Walking the Dog
You don't really need a leash for this, but it's probably in the top ten techniques for excitement. While it's most usual for bass, the system works for stripers, big fall brown trout, muskies, various saltwater fish and, if you can find a small enough lure, even the odd crappie.
Perhaps the nicest aspect of the system is the involvement. The lure, a floating plug called, at least by "bass bashers," a stick bait, has no real action and lacks the wiggling scoop and other oddments usual on plugs.
The system requires a nice cast to cover - pads, sunken logs, reef edges or moor. Then it's tighten up the line and give the plug a short jerk as you start to reel. As a rule, your rod tip is held down when you're casting from bank or boat so the lure won't hop out of the water.
As you continue to slowly reel you simply switch your rod tip back and forth and the plug should dart from side to side. This works wonderfully well at times.
The best times to use this system seem to be early and late in the day when fish are closer to the surface.
The system also works well when you have fish attaching bait on top, although at such times I favor a spoon that can be dropped below the action to pick up larger-than-average fish.

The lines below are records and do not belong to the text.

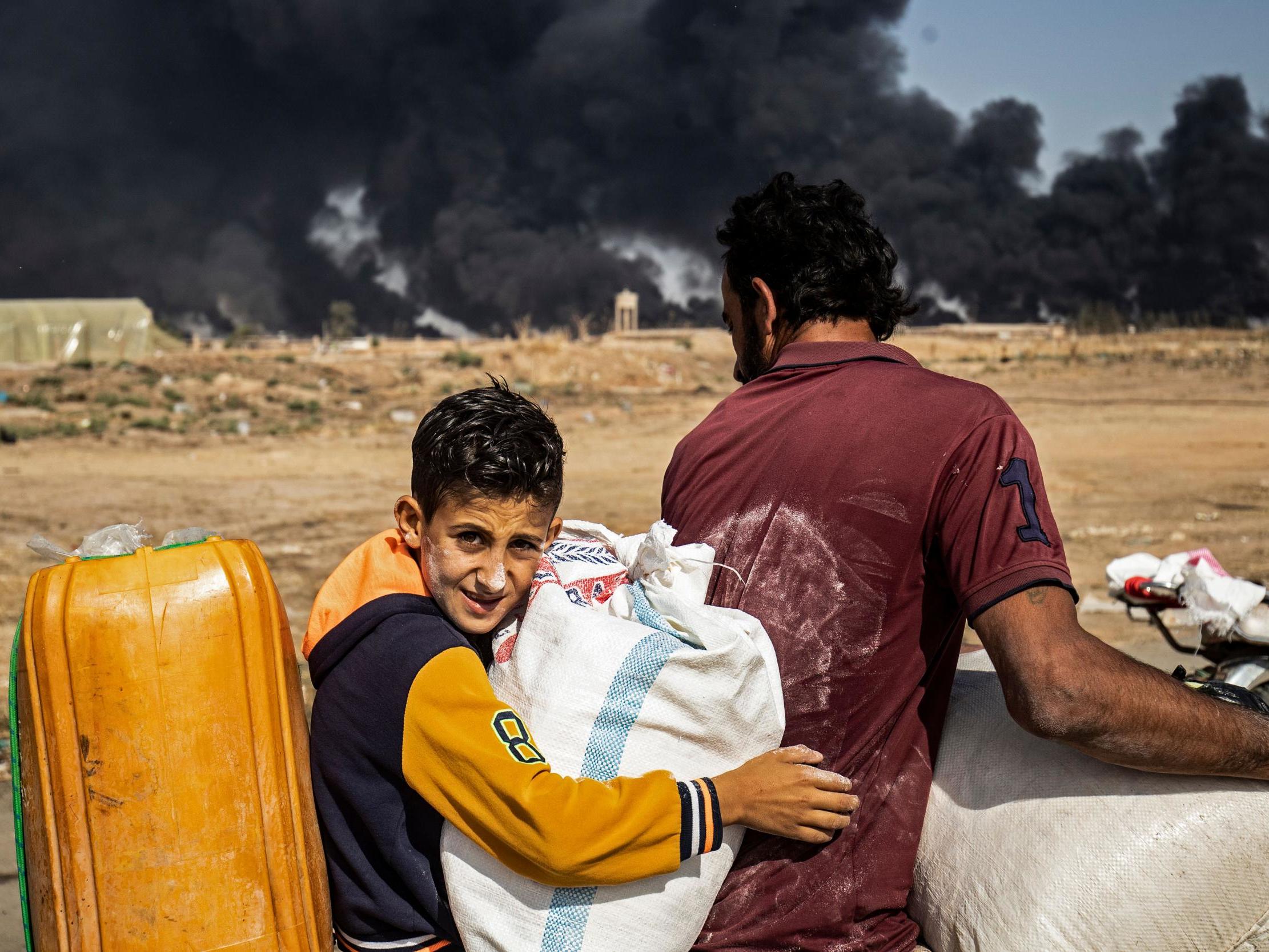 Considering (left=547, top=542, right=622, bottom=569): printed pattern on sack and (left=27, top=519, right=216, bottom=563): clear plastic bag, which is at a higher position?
(left=27, top=519, right=216, bottom=563): clear plastic bag

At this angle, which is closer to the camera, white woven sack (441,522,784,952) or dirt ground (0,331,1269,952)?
white woven sack (441,522,784,952)

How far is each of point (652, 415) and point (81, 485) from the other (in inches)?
332

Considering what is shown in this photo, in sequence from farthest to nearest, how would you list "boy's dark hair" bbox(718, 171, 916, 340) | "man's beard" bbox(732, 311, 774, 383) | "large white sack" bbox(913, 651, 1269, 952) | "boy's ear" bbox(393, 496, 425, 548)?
"man's beard" bbox(732, 311, 774, 383) < "boy's dark hair" bbox(718, 171, 916, 340) < "boy's ear" bbox(393, 496, 425, 548) < "large white sack" bbox(913, 651, 1269, 952)

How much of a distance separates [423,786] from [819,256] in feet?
3.89

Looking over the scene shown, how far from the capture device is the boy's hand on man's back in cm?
157

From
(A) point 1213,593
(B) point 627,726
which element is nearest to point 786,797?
(B) point 627,726

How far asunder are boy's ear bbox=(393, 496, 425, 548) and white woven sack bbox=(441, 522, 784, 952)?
0.26 metres

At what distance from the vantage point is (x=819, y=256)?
6.59 ft

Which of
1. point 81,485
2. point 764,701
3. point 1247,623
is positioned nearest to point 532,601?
point 764,701

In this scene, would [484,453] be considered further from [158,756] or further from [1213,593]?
[1213,593]

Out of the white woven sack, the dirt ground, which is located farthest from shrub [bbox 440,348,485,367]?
the white woven sack

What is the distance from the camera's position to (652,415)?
16.8 m

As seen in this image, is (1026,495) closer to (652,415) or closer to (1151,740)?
(1151,740)

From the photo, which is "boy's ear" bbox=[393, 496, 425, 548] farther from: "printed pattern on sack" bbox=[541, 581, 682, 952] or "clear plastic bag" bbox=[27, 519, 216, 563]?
"printed pattern on sack" bbox=[541, 581, 682, 952] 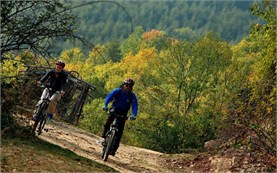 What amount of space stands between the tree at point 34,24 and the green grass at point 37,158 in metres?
1.94

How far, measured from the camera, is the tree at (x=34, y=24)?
33.1 ft

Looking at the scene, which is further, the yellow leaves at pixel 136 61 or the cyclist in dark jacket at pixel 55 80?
the yellow leaves at pixel 136 61

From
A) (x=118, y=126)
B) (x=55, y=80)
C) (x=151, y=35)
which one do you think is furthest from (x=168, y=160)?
(x=151, y=35)

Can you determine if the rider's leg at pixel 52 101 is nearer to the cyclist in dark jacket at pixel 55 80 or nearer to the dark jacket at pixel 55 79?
the cyclist in dark jacket at pixel 55 80

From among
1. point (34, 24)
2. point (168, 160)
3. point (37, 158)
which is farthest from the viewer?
point (168, 160)

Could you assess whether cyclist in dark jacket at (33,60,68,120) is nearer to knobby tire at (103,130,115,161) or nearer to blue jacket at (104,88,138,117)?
blue jacket at (104,88,138,117)

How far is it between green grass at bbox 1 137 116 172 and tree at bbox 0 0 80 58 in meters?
1.94

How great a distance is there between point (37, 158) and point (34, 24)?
273 cm

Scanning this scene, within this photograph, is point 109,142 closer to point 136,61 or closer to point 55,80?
point 55,80

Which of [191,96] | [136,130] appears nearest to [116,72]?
[191,96]

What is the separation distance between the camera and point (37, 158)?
9609mm

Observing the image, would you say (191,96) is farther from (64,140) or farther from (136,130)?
(64,140)

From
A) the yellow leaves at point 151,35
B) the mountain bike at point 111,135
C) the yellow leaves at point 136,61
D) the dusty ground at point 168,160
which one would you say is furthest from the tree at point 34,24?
the yellow leaves at point 151,35

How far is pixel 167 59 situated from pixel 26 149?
2990 cm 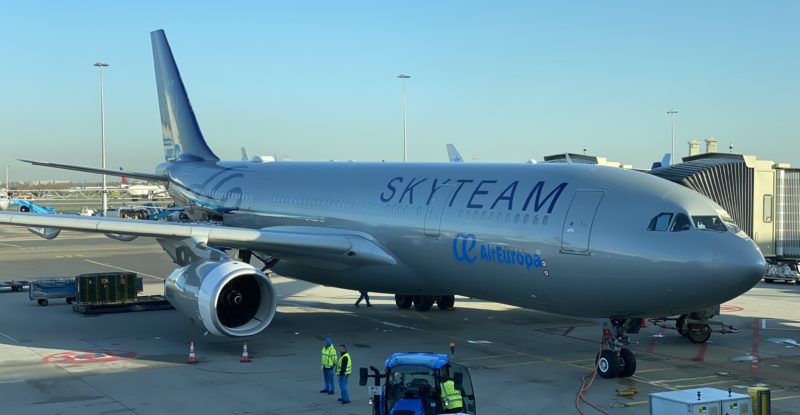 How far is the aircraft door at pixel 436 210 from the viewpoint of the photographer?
19.9m

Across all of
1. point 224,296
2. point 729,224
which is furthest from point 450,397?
point 224,296

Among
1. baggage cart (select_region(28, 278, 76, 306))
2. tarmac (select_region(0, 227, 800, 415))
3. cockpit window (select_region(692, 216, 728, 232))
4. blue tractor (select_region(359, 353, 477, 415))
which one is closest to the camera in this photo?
blue tractor (select_region(359, 353, 477, 415))

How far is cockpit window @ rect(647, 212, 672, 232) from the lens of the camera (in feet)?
51.9

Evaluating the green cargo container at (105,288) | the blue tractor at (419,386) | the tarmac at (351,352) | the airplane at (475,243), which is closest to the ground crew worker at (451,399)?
the blue tractor at (419,386)

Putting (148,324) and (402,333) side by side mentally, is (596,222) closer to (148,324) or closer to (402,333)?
(402,333)

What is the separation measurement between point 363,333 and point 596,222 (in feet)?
26.7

Last year, while musky fishing in Wisconsin, I learned a lot more than I expected about rod lengths and their relationship to angler height and boat freeboard. What you want is a rod that's just long enough to almost reach the surface. This makes the traditional "lazy eight" sweeps at the end of the cast work easily.

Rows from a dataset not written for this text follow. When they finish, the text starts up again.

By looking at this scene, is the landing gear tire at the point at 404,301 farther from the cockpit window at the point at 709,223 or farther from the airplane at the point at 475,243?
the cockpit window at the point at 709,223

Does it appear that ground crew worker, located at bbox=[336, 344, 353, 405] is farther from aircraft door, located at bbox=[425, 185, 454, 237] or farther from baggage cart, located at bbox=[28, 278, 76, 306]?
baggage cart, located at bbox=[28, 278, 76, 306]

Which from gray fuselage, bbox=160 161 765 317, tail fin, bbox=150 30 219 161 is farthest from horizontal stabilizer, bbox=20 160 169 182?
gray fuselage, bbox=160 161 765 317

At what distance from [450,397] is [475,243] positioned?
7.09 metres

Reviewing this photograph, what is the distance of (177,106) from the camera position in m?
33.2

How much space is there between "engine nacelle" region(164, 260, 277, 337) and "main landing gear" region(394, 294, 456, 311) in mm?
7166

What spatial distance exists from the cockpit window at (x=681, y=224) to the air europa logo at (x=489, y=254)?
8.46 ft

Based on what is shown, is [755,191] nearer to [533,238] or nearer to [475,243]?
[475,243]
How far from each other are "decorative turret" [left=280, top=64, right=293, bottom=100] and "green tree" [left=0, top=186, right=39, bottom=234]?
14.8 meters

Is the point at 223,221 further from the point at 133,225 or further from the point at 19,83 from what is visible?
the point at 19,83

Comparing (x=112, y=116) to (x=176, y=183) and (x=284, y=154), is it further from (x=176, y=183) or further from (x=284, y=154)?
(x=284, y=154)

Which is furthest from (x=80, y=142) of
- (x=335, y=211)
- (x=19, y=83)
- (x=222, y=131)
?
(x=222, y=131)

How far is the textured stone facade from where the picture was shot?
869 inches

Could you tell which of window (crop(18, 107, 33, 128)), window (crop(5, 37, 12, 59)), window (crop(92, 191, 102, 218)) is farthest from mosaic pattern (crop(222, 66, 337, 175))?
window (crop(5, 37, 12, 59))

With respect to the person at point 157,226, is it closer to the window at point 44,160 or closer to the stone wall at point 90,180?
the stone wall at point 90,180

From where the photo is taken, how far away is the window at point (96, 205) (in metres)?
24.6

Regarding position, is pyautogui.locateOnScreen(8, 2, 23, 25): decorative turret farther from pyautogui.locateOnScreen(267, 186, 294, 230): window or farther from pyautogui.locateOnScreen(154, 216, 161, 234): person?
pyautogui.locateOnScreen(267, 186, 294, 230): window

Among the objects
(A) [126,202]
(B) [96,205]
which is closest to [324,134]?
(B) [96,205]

A number of lures work for this method. I'm particularly fond of smaller lures for more action. L&S Bait has a new "Top Dog Surface Walker" that looks nice. However, my favorite lure for twenty years is the Rebel "Jumpin' Minnow."
Finishes should match the typical baitfish. In my area silver scale or a rainbow trout finish seems the best bet. When we lived in striped bass country I favored a traditional red head, white body plug.
I suspect I've caught 30 or 40 different freshwater and saltwater species with the system, but its virtues are the enjoyment you get from cast and switch motion that's reflected by the side-to-side dart of the lures.
The most exciting aspects of this are the massive swirls you get when fish slash at the lure and miss. The usual reaction to this is a big jerk - aside from the one holding the rod - and a lure flying back into the angler's face. The best method is to simply continue the switching until you feel a fish and then set the hook.